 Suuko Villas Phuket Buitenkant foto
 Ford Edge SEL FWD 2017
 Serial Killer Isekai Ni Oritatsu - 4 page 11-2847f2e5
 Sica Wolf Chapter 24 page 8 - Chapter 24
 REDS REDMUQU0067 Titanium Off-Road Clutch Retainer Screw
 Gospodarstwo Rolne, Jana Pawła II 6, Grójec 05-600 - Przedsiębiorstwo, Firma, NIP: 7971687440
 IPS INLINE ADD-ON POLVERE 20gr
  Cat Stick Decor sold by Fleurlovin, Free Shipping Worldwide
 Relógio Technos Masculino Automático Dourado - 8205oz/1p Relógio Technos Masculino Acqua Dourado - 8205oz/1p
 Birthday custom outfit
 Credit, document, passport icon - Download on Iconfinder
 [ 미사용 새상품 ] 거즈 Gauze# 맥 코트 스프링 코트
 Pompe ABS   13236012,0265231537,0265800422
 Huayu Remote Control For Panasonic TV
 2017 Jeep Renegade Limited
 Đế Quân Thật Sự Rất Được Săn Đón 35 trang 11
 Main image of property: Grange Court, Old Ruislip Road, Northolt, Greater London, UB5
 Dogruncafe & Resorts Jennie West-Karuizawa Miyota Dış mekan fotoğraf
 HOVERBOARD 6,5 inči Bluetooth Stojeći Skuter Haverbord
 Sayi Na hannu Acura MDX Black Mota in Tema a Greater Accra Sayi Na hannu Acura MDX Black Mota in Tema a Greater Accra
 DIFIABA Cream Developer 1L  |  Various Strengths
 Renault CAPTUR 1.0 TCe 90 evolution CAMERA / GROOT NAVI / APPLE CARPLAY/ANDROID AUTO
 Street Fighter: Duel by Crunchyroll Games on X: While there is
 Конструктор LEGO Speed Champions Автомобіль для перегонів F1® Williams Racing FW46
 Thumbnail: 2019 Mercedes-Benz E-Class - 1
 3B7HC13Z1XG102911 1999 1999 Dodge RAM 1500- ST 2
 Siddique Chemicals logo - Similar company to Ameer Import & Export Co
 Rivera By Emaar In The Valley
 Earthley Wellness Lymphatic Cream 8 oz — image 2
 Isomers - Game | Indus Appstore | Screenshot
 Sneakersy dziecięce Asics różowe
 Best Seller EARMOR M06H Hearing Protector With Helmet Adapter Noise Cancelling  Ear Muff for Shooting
──────────────────────────────
Required work: Leave out every line above except those from the line with "Birthday custom outfit" up to and including the line with "Main image of", and copy those exactly.

Result:
 Birthday custom outfit
 Credit, document, passport icon - Download on Iconfinder
 [ 미사용 새상품 ] 거즈 Gauze# 맥 코트 스프링 코트
 Pompe ABS   13236012,0265231537,0265800422
 Huayu Remote Control For Panasonic TV
 2017 Jeep Renegade Limited
 Đế Quân Thật Sự Rất Được Săn Đón 35 trang 11
 Main image of property: Grange Court, Old Ruislip Road, Northolt, Greater London, UB5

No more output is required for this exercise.